Now, let's discuss cash flow and the balance sheet. Please turn to slide 12. Net cash flow used in operating activities in the Q2 of 2024 was $429 million. The operating cash outflow was primarily driven by increased project assets built for sale, and increased accounts receivables, mainly associated with higher module sales during the Q2. Regarding debt, going forward, CSI Solar and Recurrent Energy's leverage profiles will align with their respective strategic goals. This quarter, CSI Solar reduced its debt, optimizing its financial leverage to better navigate the industry cycle.
Meanwhile, Recurrent Energy will continue to increase leverage in the near term to support its transition to a partial IPP model. In summary, total financing at the half year mark stood at $4.2 billion, with a decrease at CSI Solar and a net increase at Recurrent Energy. In the Q2, we spent approximately $390 million in manufacturing capital expenditures. As Yan mentioned earlier, in light of market conditions, we are dialing back our upstream capacity plans. We have revised our full year, 2024 capital expenditure expectations downwards to approximately $1.2 billion. We ended the period with a cash position of $2.2 billion, reflecting CSI Solar's debt repayments, Recurrent Energy's solar and storage asset growth, and change in working capital. Lastly, I would like to speak to the private convertible bond we announced on Monday.

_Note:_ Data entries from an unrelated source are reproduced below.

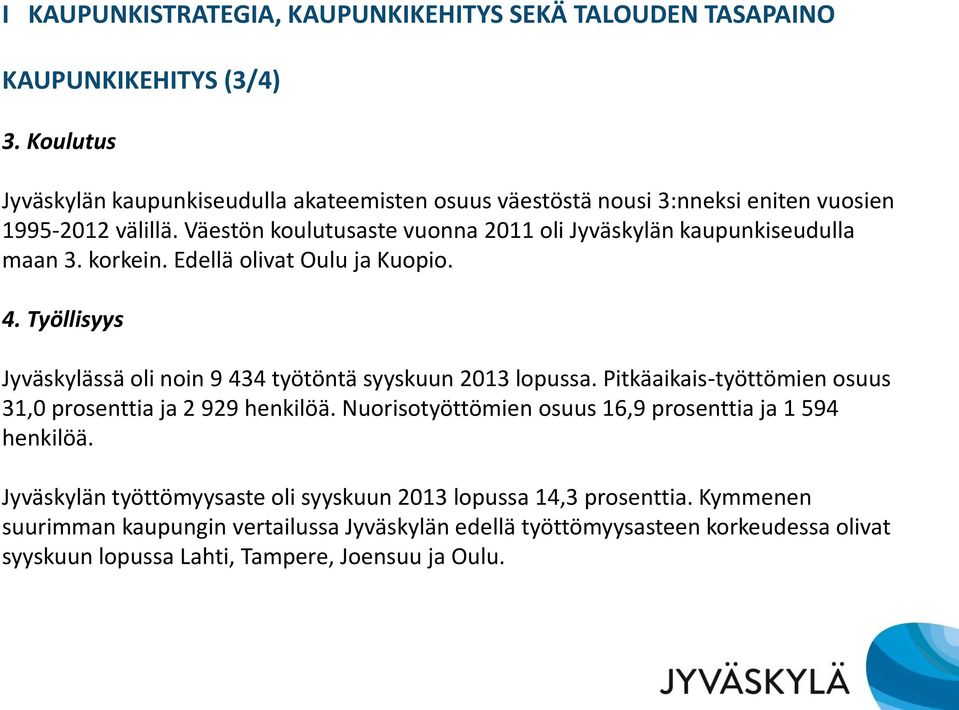 Väestön koulutusaste vuonna 2011 oli Jyväskylän kaupunkiseudulla maan 3. korkein. Edellä olivat Oulu ja Kuopio. 4.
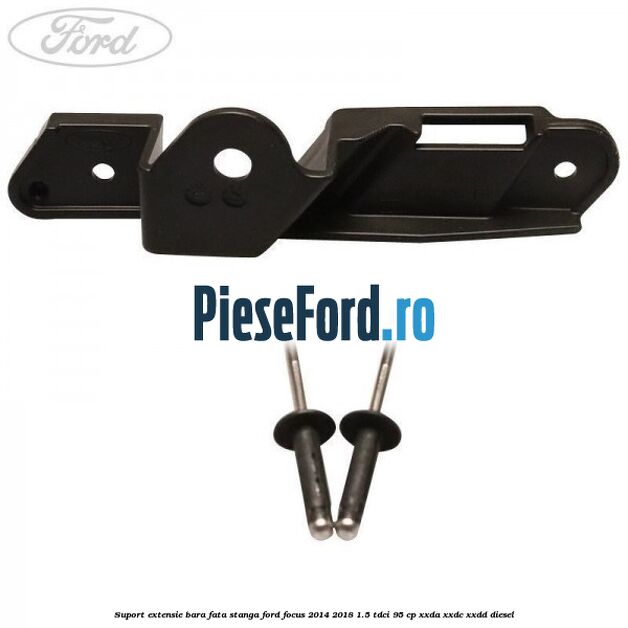 Suport extensie bara fata stanga Ford Focus 2014-2018 1.5 TDCi 95 cp XXDA, XXDC, XXDD diesel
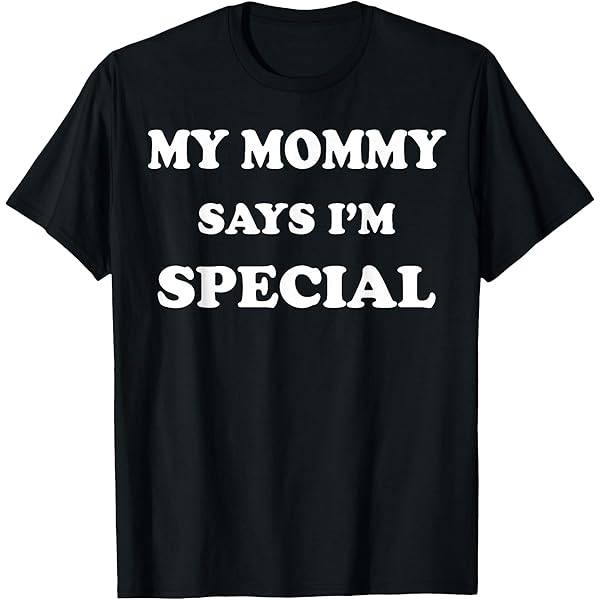 Mom Says I Ride On The Short Bus Because I'm Special Men's Tee Shirt 1493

Please turn to slide 13. The rationale for this transaction is both financial and strategic. From a financial perspective, the notes provide us a versatile financing solution, offering a flexible drawdown schedule and a reasonable funding cost. From a strategic standpoint, we are pleased to welcome PAG as a new potential equity partner. Please turn to slide 14 for additional color. With more than $55 billion in assets under management, PAG is among a select group of global investment managers with specialized capital pools across multiple asset classes, dedicated to investing in renewable energy. PAG is an experienced investor in the solar sector. After acquiring the First Solar Japan platform in 2022, it expanded its portfolio to over 600 MW across Japan. PAG is also the largest owner of distributed solar projects in Hong Kong.
PAG is well positioned to partner with CSIQ to strengthen the company's market-leading position across the solar value chain. In key operating markets, we anticipate that PAG will collaborate with Canadian Solar to explore and realize strategic synergies. Now, let me turn the call back to Shawn, who will conclude with our guidance and business outlook. Shawn, please go ahead.
Shawn Qu (Chairman and CEO)
Thank you, Xinbo. Please turn to slide 15. For the third quarter of 2024, we expect solar module shipments by CSI Solar to be in a range of 9-9.5 GW, including approximately 100 MW of solar module shipments to our own projects. Total battery energy storage shipments are expected to be between 1.4-1.7 GWh, including about 1.2 GWh for our own projects. This significant volume to our own projects is primarily for Papago Storage, a landmark project in Arizona, developed by Recurrent Energy. Total revenue are expected to be in a range of $1.6-$1.8 billion. Gross margin is expected to be between 14%-16%. At this midpoint of the year, we observe a second half characterized by certain uncertainties.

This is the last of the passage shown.